Senza contare il lato tutto italiano del traffico umano. Di cui Pisanu e Scajola, oltre che Maroni, non possono non sapere. Dopo venti anni di schiavismo tal quale, non c'è altro nome, i preti si fanno vivi. Si fannbo vivi quando, incapace di accogliere e integrare i nuovi schiavi come esseri umani, un governo finalmente decide almeno di interrompere il laido mercato.
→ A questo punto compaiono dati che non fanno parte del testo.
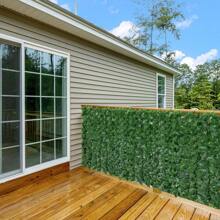 3m Artificial Hedge Fake Ivy Leaf Garden Fence Privacy Screening Roll Wall Panel - Green - View 2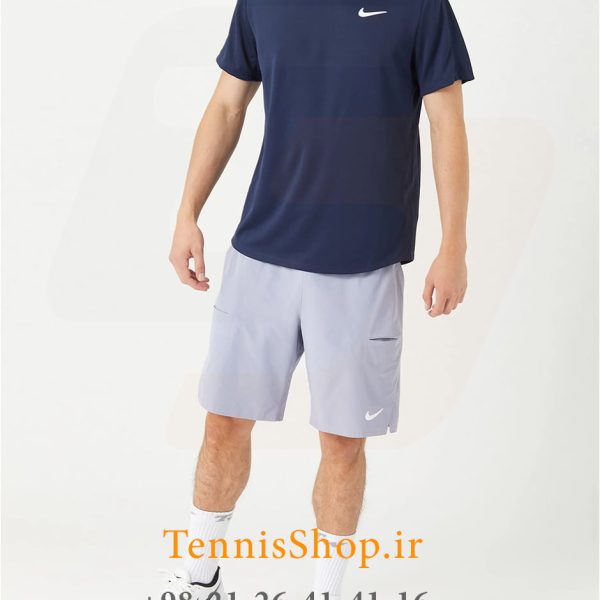 شلوارک تنیس مردانه نایک مدل Court Advantage رنگ طوسی (4)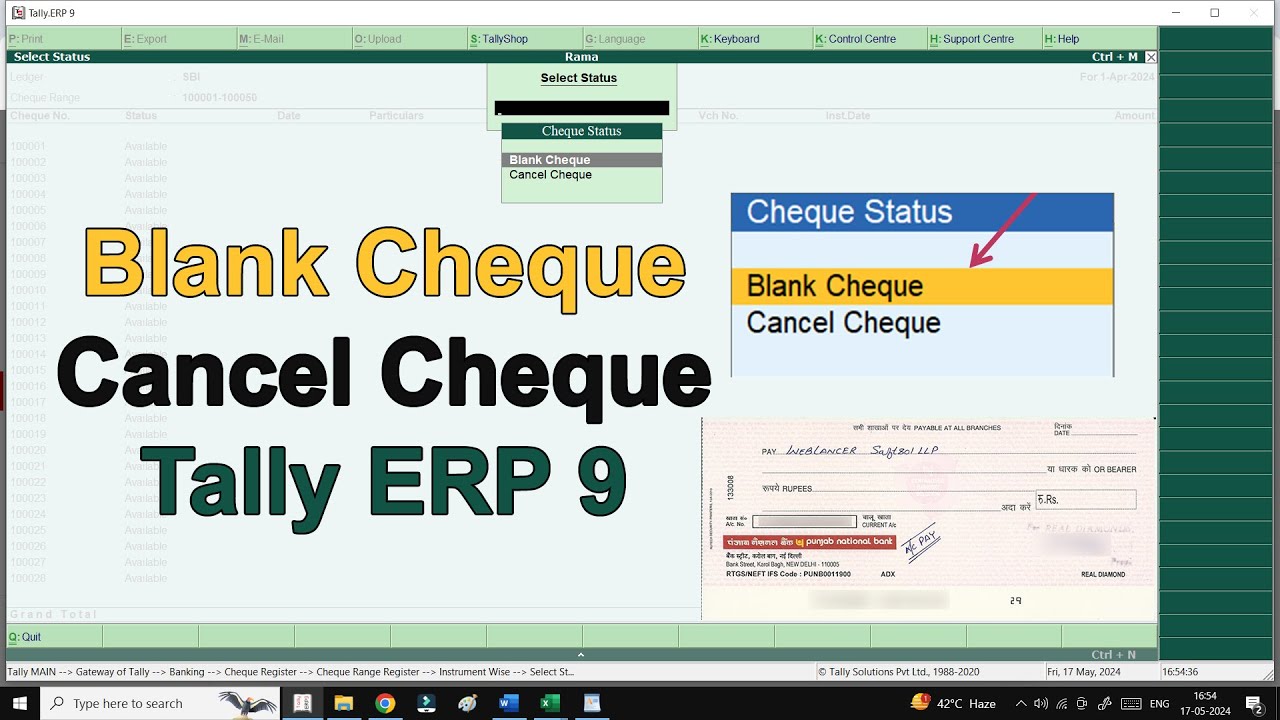 Blank Cheque and Cancel Cheque Entry in Tally ERP 9 || GBCTI | - YouTube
In tutti questi anni il Vaticano sicuramente si è chiesto, e anche i vescovi, come fanno prosseneti e dealers nigeriani, paese non confinante a anzi lontano alcune migliaia di miglia, a gestire comodamente in un ventina di città italiane i loro traffici, con migliaia di semischiavi e semischiave, a Livorno per esempio o a Genova, là dove le africane piacciono - Bagnasco, che è di Genova, sarà pure uscito qualche volta per strada: e perché non ce lo spiega, anche solo per compassione? Sa anche chi si procura, rifornisce e organizza le centinaia di migliaia di venditori ambulanti algerini, senegalesi e ghanaiani? Che vengono da tribù da secoli mercantili, ma vengono pure da enormi distanze?
Il Vaticano come il ministero dell'Interno. E se non lo sanno perché non si informano? Si controllano i telefonini di tutti, ma non quelli degli scafisti e dei loro compari a terra, dealers, magnaccia, caporali. Coraggio, Genchi, De Magistris, ancora uno sforzo.